Maintenant, ma question est "mais quel est le problème de faire une activité qui vise à parfaire ses capacités érotiques? Pourquoi, même les femmes qui pratiquent cette activité, tentent de nier et de minimiser cet aspect?" Je crois que c'est une des parties du débat que j'ai du mal à saisir. Je crois qu'encore en 2015, beaucoup de monde, y compris beaucoup de femmes, ont du mal à accepter et à intégrer qu'une femme en pleine capacité de ses moyens, y compris de sa sexualité et de sa jouissance sexuelle, est une femme "bien" et respectable. Il semble y avoir encore un réflexe de mépriser les femmes qui sont bien dans leur sexualité et qui n'ont pas honte d'en parler. Il semble tabou de pouvoir être à la fois une femme érotique et une maman, comme s'il fallait être un ou l'autre. Comme si à partir du moment où une femme avait porté un enfant, elle devait cacher la partie érotique d'elle-même, la maintenir dans son intimité et s'assurer que personne ne la voit. Il semble épeurant ou louche qu'une femme puisse assumer sa sexualité et avoir d'autres qualités. Je constate que dans l'univers populaire, les femmes bien dans leur sexualité devraient uniquement exister dans l'univers pornographique et ne devraient pas vivre "dans la vraie vie". Même si les hommes fantasment sur les femmes actives sexuellement et que les femmes consomment des revues qui leur proposent mille et un trucs érotiques, lorsque vient le temps de le mettre en pratique, c'est loin d'être assumé et intégré.
 
Je trouve dommage de constater que plusieurs femmes qui pratiquent le pole dancing tentent d'évincer l'aspect érotique de la pratique de cette activité pour justifier le bien-fondé de l'existence de cette activité. Le mouvement de libération sexuelle qui est survenu dans les années 60 visait entre autres à laisser les femmes gérer leur sexualité comme elles le souhaitaient. Il me semble qu'il serait temps de laisser la possibilité aux femmes de faire le choix de faire du pole dancing sans qu'elles aient à se justifier.
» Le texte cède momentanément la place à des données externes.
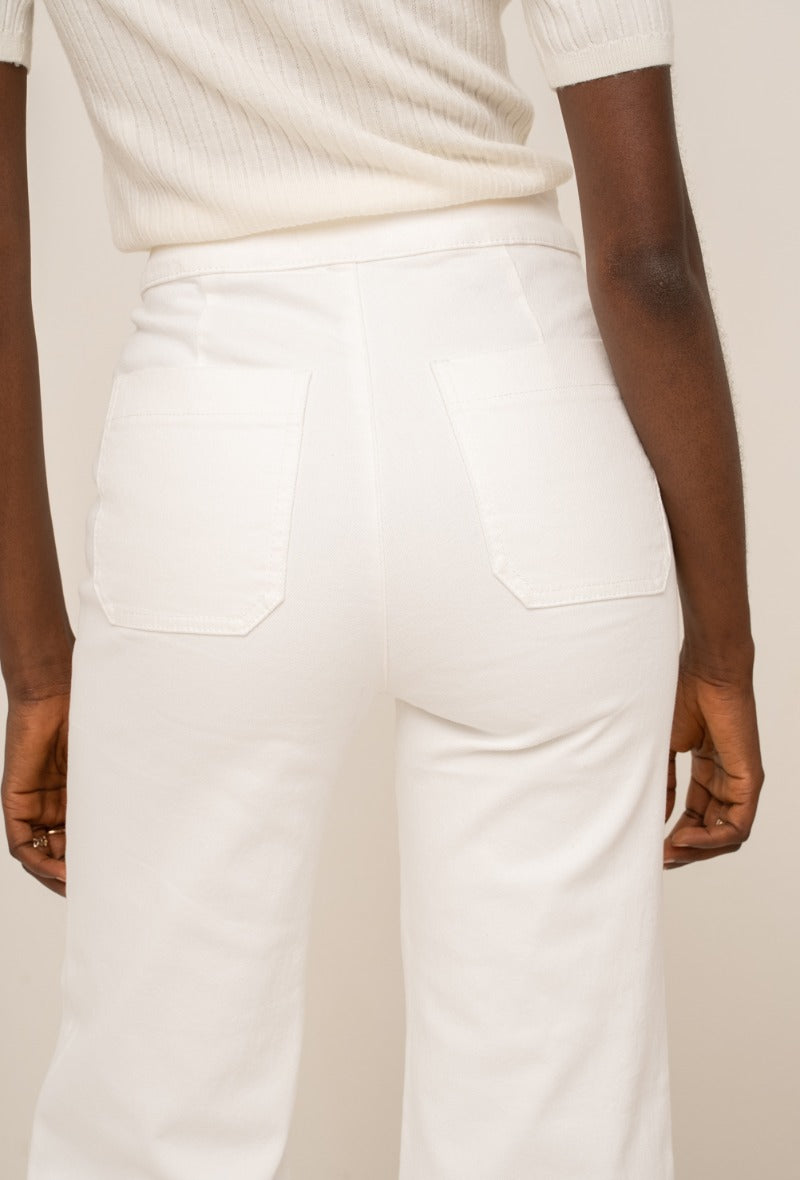 Wide leg white jeans with gold buttons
Sans avoir à se justifier, il faudrait par contre apprendre à assumer cette sexualité ;-) 
 
Le pole dancing et les enfants?
Dans le cadre de ce débat, est-il possible qu'il soit difficile d'assumer l'aspect érotique de la pratique, car il y avait une enfant de présente dans les studios de pole dancing? Pour un enfant, une pole verticale n'a rien d'érotique. Un enfant pourra jouer des heures à tournoyer autour d'un poteau et y grimper pour s'amuser. Par contre, il y a une différence entre jouer avec ses enfants autour d'une pole à faire des acrobaties et laisser assister son enfant à une classe de pole dancing ou à la pratique d'une chorégraphie intégrant des mouvements érotiques. Les enfants n'ont pas toujours la capacité de comprendre ce qui se passe dans leur environnement ni à mettre des limites par rapport à certaines situations. Sur le coup, il est possible que certains enfants voient cette situation comme un jeu. C'est souvent à l'adolescence ou à l'âge adulte que ces enfants réalisent qu'ils ont assisté à des situations où leurs limites ont été transgressées, mais qu'ils n'avaient pas la capacité de comprendre et de mettre des limites à cette époque. Il ne s'agit pas ici de tomber dans la tragédie grecque en stipulant que ces enfants tomberont dans l'univers de la drogue et dans la prostitution. Mais il est possible qu'un enfant ait ensuite du mal avec les frontières; en mettre ou respecter celles des autres. En connaissant cet aspect de l'enfance, il serait probablement plus sage de laisser les enfants à la maison lors des cours et de ne pas les laisser assister à vos chorégraphies si celles-ci comprennent des éléments érotiques et langoureux. Si votre enfant a de la fascination pour la pole, il y a peut-être des écoles de cirque dans votre coin où les mouvements enseignés sur la pole seront adaptés à votre enfant et à son développement psychosexuel.